### WHAT IS NEEDED
Please copy each line in the records below that contains the string "Poster".

##### EXERCISE INPUT

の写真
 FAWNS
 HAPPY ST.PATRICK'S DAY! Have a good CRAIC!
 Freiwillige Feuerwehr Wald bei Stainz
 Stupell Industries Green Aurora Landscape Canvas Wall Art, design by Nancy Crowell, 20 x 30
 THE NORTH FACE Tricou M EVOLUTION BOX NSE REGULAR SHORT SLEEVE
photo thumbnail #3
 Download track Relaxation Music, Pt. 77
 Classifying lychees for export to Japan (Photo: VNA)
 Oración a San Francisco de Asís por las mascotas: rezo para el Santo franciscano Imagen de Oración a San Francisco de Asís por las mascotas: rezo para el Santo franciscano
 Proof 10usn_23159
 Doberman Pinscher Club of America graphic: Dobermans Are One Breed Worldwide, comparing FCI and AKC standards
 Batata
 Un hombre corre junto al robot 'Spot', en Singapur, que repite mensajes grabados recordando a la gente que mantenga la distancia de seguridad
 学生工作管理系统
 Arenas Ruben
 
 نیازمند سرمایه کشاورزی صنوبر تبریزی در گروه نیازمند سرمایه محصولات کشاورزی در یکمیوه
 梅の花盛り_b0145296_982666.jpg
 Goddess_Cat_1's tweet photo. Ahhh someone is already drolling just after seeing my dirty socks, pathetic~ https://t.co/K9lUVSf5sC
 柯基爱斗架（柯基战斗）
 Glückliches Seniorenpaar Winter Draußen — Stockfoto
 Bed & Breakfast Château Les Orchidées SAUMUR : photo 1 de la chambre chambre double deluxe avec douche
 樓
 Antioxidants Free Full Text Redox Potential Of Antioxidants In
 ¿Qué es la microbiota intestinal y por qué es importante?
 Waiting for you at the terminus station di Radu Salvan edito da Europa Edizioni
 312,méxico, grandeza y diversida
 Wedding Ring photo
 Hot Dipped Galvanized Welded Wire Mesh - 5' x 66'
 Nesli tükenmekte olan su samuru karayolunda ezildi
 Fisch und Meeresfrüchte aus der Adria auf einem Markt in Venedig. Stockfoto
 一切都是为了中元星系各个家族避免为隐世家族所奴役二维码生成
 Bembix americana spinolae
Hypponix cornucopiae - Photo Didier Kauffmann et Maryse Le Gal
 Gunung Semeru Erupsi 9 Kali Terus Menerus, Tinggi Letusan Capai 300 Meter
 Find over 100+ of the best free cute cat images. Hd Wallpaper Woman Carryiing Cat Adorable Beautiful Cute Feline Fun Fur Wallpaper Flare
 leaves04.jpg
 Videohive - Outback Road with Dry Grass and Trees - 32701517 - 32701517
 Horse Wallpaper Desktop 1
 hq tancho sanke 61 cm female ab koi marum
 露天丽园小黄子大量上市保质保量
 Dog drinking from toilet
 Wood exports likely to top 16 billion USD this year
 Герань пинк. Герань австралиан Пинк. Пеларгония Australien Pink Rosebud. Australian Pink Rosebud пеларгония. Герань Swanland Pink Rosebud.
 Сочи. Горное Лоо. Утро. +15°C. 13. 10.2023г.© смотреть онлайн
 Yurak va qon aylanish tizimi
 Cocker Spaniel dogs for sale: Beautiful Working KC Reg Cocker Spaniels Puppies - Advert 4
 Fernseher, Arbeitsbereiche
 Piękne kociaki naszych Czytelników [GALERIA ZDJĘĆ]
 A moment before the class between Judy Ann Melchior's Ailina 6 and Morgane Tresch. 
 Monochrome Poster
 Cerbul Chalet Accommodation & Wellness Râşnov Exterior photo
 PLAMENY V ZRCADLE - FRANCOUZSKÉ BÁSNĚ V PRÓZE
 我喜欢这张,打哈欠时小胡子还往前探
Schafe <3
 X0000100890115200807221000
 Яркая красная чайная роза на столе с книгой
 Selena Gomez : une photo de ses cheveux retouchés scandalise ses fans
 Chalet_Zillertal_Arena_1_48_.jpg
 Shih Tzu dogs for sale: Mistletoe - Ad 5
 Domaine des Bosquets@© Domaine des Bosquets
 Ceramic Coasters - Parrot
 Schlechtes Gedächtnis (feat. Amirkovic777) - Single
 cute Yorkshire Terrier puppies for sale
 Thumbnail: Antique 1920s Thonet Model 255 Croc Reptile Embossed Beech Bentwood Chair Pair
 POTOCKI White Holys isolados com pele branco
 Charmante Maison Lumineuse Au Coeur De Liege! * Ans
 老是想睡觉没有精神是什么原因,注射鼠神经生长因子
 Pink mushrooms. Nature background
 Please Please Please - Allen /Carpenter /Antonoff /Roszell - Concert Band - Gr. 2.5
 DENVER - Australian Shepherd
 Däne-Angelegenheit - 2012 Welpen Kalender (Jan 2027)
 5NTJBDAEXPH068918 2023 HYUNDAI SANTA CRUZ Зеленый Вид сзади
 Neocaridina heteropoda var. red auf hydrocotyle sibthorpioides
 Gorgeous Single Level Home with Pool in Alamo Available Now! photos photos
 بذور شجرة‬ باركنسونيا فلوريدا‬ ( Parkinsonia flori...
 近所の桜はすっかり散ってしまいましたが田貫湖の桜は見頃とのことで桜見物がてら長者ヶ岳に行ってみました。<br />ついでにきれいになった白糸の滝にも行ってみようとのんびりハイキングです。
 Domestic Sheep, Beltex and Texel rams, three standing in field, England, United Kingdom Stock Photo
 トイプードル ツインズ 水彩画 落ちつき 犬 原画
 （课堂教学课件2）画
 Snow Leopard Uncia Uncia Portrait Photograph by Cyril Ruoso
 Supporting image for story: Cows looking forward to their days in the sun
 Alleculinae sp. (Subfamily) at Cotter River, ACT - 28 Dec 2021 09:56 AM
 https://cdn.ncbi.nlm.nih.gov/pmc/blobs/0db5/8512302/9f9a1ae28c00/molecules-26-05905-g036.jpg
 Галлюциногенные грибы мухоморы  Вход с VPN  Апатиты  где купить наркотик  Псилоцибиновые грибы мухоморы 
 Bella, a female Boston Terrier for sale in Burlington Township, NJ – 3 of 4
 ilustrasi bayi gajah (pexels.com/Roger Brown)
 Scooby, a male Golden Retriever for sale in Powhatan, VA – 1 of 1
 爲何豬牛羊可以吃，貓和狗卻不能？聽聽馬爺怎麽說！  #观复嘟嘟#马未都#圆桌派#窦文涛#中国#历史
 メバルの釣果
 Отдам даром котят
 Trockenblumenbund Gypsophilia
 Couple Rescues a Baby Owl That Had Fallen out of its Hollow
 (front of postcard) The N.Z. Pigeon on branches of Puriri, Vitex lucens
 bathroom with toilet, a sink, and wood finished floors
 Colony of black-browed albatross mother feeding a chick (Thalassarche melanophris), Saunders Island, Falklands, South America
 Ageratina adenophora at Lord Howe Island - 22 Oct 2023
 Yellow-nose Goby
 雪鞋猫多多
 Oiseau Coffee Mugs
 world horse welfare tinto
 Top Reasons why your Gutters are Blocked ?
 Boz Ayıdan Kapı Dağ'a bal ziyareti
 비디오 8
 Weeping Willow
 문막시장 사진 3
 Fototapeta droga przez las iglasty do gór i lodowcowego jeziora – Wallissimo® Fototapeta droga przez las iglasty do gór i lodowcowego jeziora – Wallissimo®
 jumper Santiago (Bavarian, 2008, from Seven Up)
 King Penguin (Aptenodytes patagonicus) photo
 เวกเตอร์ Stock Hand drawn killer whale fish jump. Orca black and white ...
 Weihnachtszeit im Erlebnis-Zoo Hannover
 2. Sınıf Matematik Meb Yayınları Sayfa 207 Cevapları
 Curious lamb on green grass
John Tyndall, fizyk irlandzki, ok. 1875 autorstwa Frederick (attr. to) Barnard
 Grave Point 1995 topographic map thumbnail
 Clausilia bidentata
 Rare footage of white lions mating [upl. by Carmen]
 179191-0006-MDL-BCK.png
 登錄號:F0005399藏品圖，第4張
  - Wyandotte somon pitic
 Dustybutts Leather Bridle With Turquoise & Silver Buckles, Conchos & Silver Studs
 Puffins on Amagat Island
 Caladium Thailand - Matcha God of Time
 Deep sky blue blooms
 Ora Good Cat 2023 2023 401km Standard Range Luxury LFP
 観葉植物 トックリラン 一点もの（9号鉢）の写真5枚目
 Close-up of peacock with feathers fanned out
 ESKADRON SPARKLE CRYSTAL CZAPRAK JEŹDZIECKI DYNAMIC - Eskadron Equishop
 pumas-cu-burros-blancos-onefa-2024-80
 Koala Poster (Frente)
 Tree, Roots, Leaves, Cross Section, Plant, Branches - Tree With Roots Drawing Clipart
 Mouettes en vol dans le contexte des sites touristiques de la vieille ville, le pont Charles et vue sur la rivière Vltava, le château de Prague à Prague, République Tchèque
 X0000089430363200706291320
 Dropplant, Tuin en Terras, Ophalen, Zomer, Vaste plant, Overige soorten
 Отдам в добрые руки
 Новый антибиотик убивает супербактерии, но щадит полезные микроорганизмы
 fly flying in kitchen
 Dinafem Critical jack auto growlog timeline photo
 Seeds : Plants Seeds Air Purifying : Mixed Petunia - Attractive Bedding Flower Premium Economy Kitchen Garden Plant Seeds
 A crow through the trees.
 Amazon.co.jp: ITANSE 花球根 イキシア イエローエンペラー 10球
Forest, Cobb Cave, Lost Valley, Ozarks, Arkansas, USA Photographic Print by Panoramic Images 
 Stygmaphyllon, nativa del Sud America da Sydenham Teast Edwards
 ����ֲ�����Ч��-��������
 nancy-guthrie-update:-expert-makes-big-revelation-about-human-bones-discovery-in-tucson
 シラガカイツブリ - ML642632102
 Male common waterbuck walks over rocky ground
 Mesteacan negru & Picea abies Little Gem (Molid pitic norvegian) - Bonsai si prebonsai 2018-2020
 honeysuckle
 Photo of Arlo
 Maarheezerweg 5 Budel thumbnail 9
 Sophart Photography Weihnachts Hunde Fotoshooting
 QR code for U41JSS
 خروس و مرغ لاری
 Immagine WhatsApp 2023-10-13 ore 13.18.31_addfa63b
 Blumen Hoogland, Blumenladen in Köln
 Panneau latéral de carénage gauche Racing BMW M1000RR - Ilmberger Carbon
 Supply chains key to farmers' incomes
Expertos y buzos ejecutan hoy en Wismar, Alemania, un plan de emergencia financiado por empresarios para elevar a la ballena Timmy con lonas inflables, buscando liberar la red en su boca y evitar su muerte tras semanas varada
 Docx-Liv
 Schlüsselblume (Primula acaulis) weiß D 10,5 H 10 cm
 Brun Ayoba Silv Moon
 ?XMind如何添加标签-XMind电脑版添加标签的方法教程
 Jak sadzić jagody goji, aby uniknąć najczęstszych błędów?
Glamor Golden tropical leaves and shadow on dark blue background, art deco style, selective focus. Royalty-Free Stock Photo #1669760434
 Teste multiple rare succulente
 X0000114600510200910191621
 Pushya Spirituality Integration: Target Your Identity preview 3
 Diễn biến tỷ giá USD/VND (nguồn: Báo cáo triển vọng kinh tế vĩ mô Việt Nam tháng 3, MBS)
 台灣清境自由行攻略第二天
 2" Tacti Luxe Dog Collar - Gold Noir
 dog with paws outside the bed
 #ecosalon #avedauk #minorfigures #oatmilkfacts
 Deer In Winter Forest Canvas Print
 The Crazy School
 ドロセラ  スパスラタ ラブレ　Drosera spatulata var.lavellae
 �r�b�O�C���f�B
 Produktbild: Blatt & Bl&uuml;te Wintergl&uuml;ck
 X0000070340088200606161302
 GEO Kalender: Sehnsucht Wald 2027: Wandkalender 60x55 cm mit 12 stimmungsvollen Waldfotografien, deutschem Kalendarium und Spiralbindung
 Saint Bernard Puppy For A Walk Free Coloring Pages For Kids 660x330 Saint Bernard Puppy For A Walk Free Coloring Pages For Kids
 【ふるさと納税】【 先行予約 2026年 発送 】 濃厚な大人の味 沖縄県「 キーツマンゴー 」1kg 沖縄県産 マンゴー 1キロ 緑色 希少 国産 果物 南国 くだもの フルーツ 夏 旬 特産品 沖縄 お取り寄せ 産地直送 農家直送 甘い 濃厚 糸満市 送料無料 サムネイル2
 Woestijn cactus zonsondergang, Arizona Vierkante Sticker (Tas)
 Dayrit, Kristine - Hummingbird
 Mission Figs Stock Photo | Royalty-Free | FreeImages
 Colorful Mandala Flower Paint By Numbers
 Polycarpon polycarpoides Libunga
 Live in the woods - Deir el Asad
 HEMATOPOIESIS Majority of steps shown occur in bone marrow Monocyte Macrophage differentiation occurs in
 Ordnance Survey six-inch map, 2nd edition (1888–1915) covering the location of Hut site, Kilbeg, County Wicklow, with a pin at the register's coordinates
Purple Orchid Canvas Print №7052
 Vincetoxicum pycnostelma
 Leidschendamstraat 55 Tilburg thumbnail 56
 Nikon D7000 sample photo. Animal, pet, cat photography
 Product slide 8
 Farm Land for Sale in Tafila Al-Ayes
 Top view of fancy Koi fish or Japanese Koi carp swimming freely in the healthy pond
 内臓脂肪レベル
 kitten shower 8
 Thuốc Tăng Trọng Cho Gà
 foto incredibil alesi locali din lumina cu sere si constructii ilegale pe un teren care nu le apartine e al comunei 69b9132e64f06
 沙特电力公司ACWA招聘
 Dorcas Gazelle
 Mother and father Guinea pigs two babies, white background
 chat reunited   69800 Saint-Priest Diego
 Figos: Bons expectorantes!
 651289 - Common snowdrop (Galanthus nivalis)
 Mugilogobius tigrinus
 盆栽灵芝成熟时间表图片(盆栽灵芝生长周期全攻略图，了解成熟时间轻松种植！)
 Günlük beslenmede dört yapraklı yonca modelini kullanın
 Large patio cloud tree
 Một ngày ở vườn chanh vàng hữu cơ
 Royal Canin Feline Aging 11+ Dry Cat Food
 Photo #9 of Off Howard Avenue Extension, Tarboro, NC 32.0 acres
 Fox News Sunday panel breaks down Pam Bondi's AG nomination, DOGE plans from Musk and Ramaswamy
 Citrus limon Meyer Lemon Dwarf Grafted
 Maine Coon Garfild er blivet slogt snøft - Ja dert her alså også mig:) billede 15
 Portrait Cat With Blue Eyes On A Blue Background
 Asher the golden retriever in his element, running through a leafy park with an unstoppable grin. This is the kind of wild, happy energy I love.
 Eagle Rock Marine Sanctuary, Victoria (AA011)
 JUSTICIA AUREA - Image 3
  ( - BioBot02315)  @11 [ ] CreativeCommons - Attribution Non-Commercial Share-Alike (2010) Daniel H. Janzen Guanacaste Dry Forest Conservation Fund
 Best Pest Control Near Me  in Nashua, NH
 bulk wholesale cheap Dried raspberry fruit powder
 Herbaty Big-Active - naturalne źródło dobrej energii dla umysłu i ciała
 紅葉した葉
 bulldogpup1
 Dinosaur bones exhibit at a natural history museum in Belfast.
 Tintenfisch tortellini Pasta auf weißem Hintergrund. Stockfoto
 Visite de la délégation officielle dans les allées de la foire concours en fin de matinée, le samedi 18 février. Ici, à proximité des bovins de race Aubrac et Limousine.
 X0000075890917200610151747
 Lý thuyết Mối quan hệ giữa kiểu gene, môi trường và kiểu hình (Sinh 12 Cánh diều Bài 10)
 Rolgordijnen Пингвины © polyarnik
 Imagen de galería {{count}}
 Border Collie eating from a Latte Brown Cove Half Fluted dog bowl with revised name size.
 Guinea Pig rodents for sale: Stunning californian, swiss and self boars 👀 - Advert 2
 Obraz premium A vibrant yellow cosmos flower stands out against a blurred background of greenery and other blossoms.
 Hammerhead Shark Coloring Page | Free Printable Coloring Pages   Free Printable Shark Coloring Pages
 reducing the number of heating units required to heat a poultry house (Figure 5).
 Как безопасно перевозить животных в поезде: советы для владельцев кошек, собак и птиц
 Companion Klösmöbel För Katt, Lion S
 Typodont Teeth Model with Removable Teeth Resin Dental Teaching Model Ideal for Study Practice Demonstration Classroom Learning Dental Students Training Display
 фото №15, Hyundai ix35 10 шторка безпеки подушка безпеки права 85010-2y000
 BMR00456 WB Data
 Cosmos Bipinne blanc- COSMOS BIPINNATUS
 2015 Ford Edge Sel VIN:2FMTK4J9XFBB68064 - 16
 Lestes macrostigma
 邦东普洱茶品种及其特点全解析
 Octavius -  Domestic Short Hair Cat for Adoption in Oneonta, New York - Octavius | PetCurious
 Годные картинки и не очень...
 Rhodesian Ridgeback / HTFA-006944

##########

### RESPONSE TO THE TASK
 Monochrome Poster
 Koala Poster (Frente)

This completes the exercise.